Patients safer as hip fractures reduced

Staff at East Lancashire Hospitals NHS Trust are keeping their promise to provide safe, personal and effective care with the news that no hip fractures were recorded on any of its wards in the past three months.

Saturday, 14th January 2017, 8:30 am
Patient safety manager Sonia Nosheen, divisional director of nursing Jed Walton-Pollard and acute falls lead nurse Helen Howard.

A recent report published by the Nuffield Trust found that the number of hip fractures, also known as fractured neck of femur, in England has increased by more than 15% due to the increase in the numbers of very old people.

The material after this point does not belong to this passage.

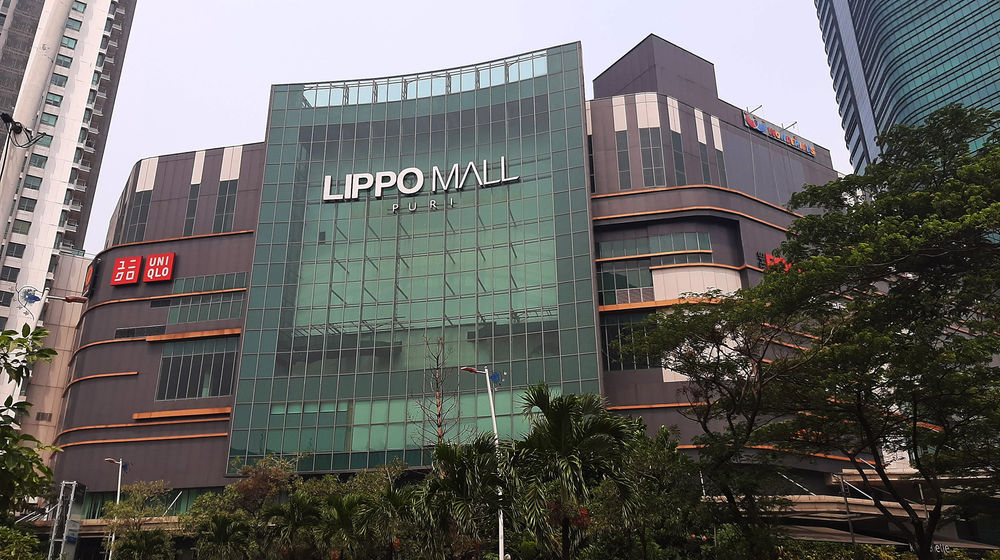 <p>Lanskap bangunan pusat perbelanjaan Lippo Mall Puri, di kawasan Jakarta Barat, Minggu, 6 September 2020. PT Lippo Karawaci Tbk (LPKR) menjual kepemilikan atas Lippo Mall Puri yang saat ini dikelola oleh anak usahanya PT Mandiri Cipta Gemilang (MCG) kepada penjual yang juga merupakan pihak yang terafiliasi dengannya yakni PT Puri Bintang Terang (PBT). Nilai transaksi pengalihan diperkirakan sebesar total Rp 3,50 triliun, belum termasuk PPN, Rencana transaksi dilaksanakan merupakan bagian dari strategi asset-light yang dijalankan perseroan dan dilakukan untuk meningkatkan likuiditas perseroan dan hasil yang akan diterima oleh perseroan dari pelaksanaan rencana transaksi akan digunakan antara lain untuk membiayai kegiatan operasional perseroan. Foto: Ismail Pohan/TrenAsia</p>
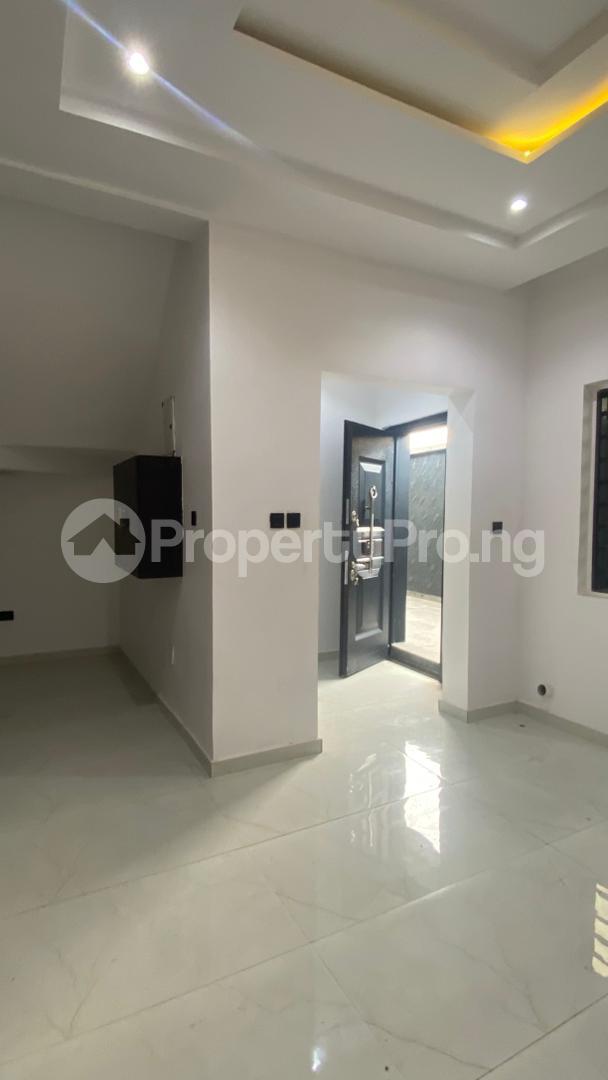 4 bedroom House for sale Owukori Crescent, Alaka Estate, Surulere Lagos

However, at East Lancashire, zero hip fractures were recorded between September and November on in-patient wards at Clitheroe Community Hospital, plus the Royal Blackburn Hospital, Burnley General Hospital, Pendle Community Hospital and Accrington Victoria Community Hospital.

“Good nursing care and new ways of thinking are paying off for our patients at East Lancashire Hospitals NHS Trust,” said director of nursing, Christine Pearson.

“Falls remain a cause of harm to patients in hospitals worldwide and can be difficult to eradicate.

“Tto have no hip fractures for three months is a tribute to the excellent care provided by our nurses and health care assistants, and the quality of training we give to reduce falls.”

Prior to September, an average of three patients a month suffered hip fracture after falling on a hospital ward.

“Hip fractures are one of the most serious fall injuries,” said lead falls nurse, Sister Helen Howard.

“It is hard to recover from a hip fracture and as the population gets older, the number of hip fractures is, unfortunately, likely to go up.

“So to have no hip fractures at all for three months is good news for patients and for the NHS as the cost of each hip fracture is estimated at £25,000 and hip fracture patients typically spend over 20 days in a hospital bed.”

The Trust’s success in drastically reducing hip fractures for three months follows its achievements in cutting the overall number of in-patient falls by 19% in the two-year period up to September 2016.